MOJOK.CO – Kiai Fanshuri dapat undangan pengajian ke Surabaya. Fanshuri diminta untuk menemani naik kereta. Tak disangka mereka hampir saja ketinggalan kereta.
Tidak setiap hari Fanshuri mendapat kehormatan bisa mengantar kepergian Kiai Kholil naik kereta. Sebuah kehormatan yang pantang untuk dilewatkan tentu saja. Bisa mengantar Kiai Kholil ke stasiun saja sudah gembira, apalagi sampai diajak ikut naik kereta bareng sampai ke Surabaya.

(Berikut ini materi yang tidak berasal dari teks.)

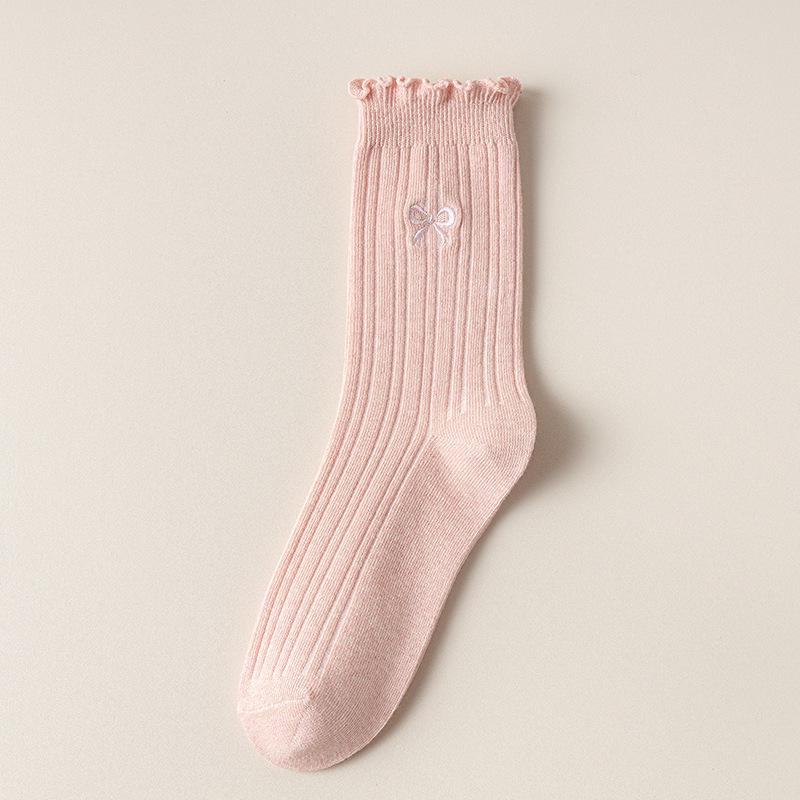 "Women's Anti-Pilling Embroidered Bow Mid-Tube Lace Cotton Socks - Autumn Breathable Style"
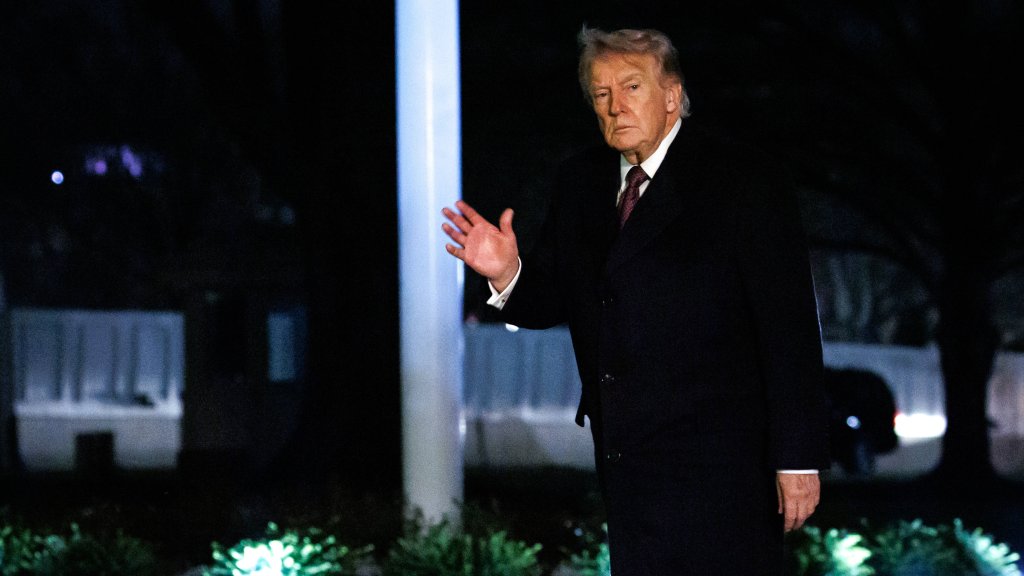 Trump verteidigt Iran-Einsatz mit LGBTIQ+-Rhetorik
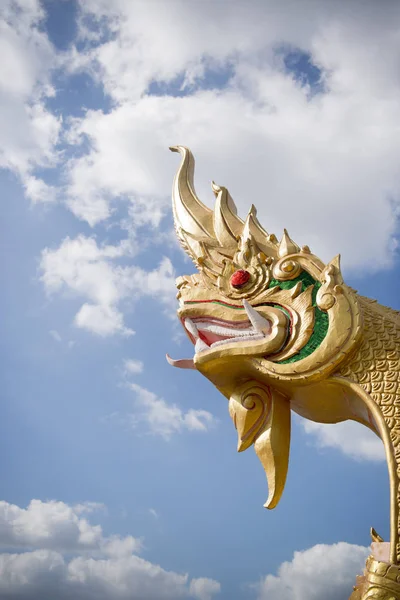 Een Phayanak of Naga standbeeld op de Mekong rivier in Thailand — Stockfoto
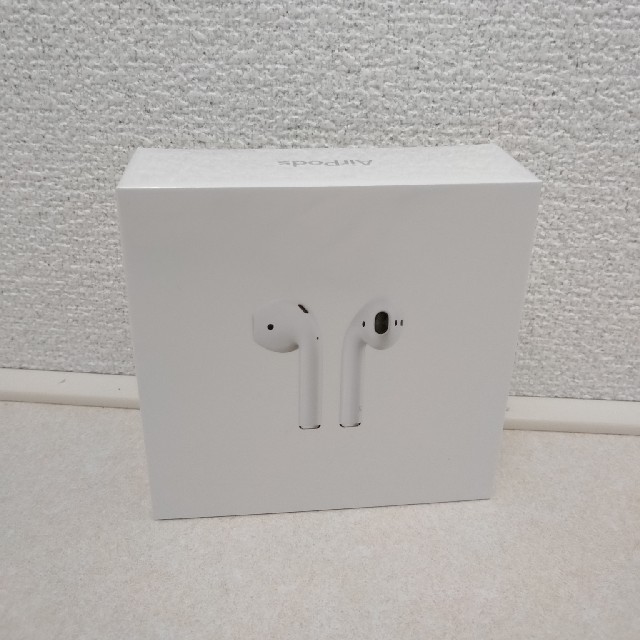 スマホ/家電/カメラアップルapple Airpods MMEF2J/A 　ワイヤレスイヤホン　新品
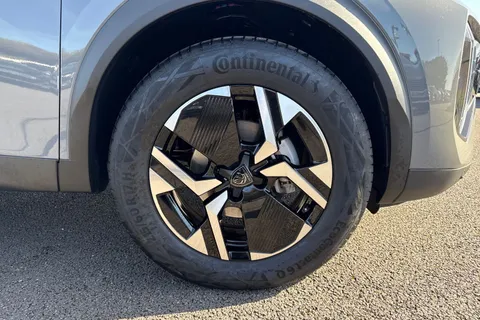 HX73KHU PEUGEOT 2008 1.2 PureTech GT EAT Euro 6 (s/s) 5dr Thumbnail #10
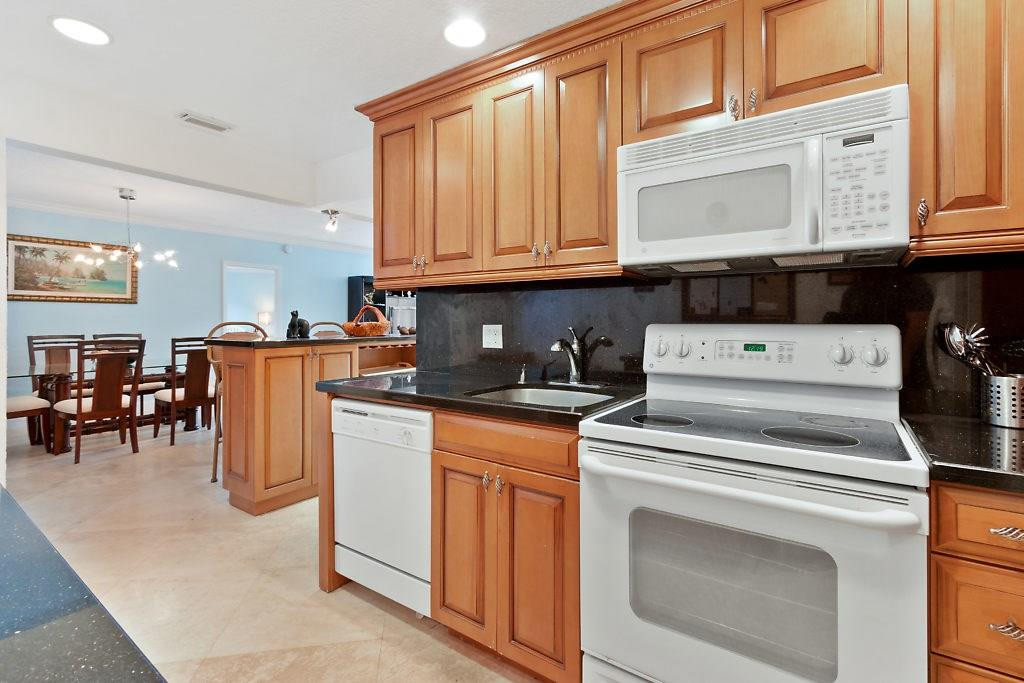 2851 South Ocean Boulevard, Unit 2A Boca Raton, FL 33432 - Photo 9 of 27 Photo 9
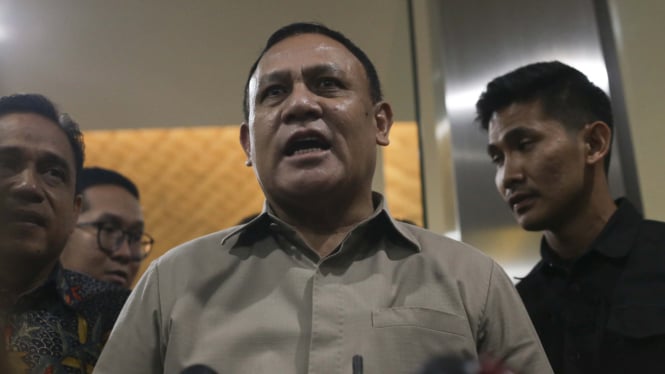 Polisi Menyita Dokumen Valas Rp7,4 M dari Firli Bahuri dan Dicecar Puluhan Pertanyaan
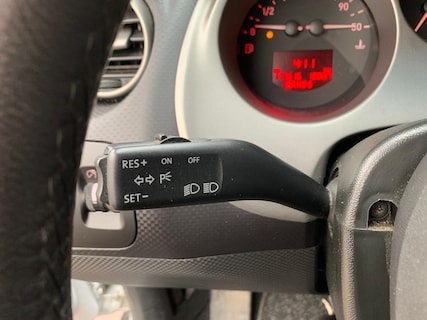 SEAT-Altea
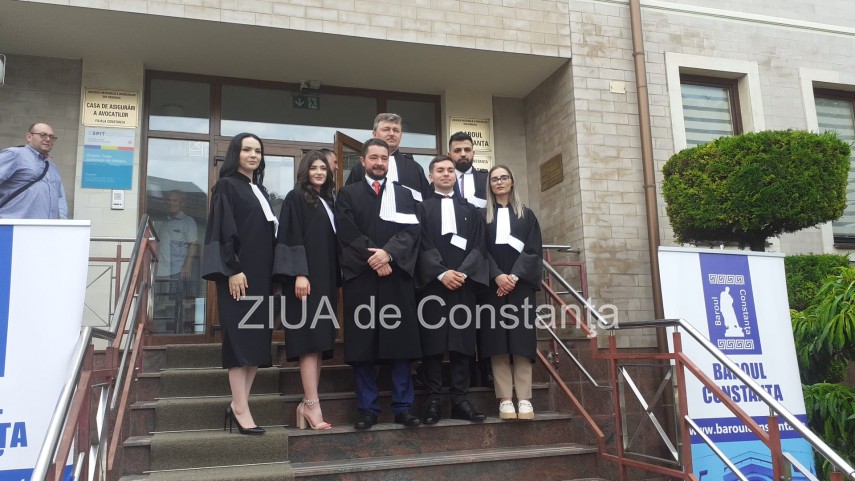 Noii avocați împreună cu decanul Baroului Constanța, Cătălin Filișan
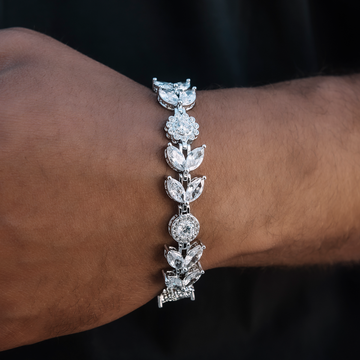 Pulsera de flores con diamantes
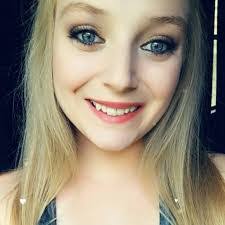 Darcy Retchless's Instagram, Twitter & Facebook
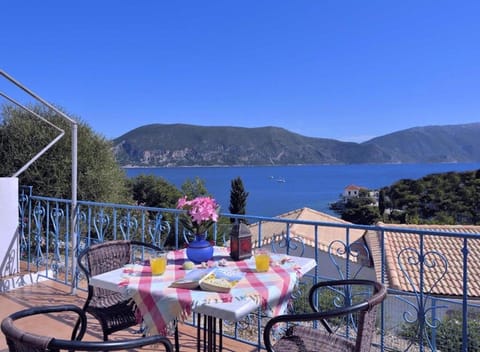 KAMINAKIA Apartments - Adults only policy - Sun drenched - Heavenly peaceful - A soothing oasis with a large swimming pool exclusively for guests' use - Sheltered on both sides by an evergreen cypress forest - Stunning sea views from every veranda Copropriété in Fiskardo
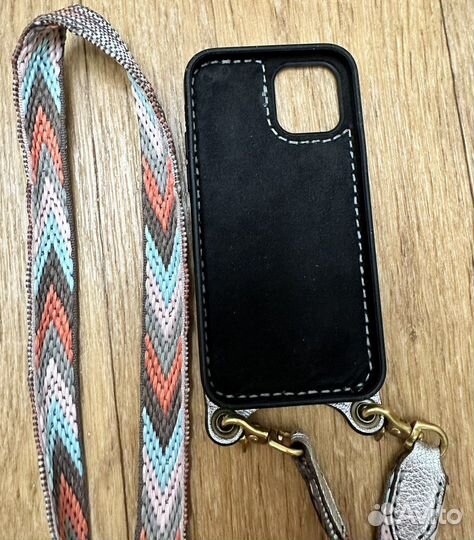 Чехол на 12 про (pro) на ремешке из кожи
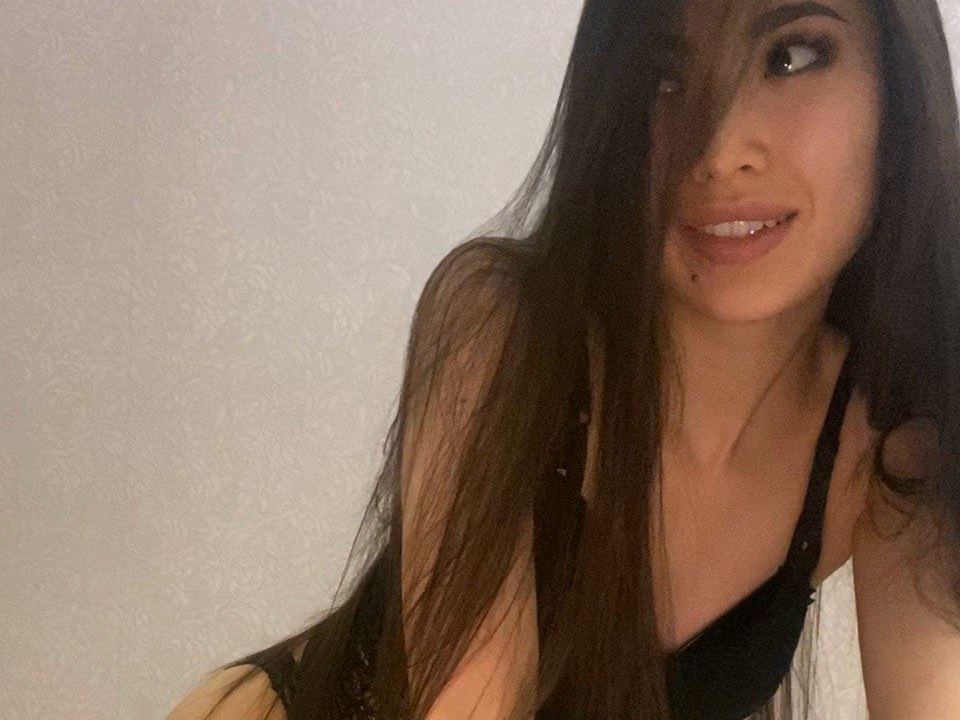 assuri_yu Profilbild des Cam-Modells 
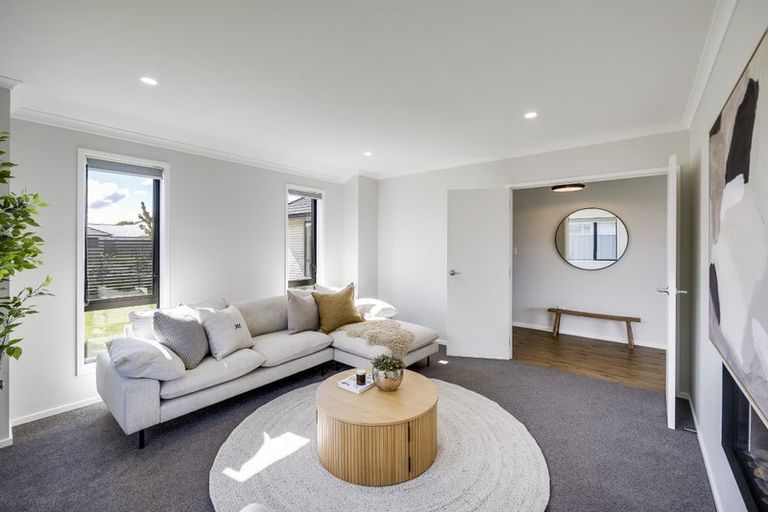 Photo of property in 15 Hikawera Drive, Frimley, Hastings, 4120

Fanshuri dan Kiai Khollil sudah tiba di Stasiun Jogja pagi-pagi sekali. Sambil menunggu kereta yang masih lumayan lama, Fanshuri coba menawari Kiai Kholil beli kopi. Pada era itu, kondisi stasiun dan kereta api belum sebagus dan serapi zaman sekarang. Semua orang masih bisa lalu lalang keluar-masuk stasiun tanpa perlu menunjukkan tiket. Pun orang juga masih bisa merokok di mana-mana.
“Pak Kiai, gimana kalau kita ngopi-ngopi dulu di luar stasiun? Beli di sini mahal-mahal,” kata Fanshuri menawari Kiai Kholil.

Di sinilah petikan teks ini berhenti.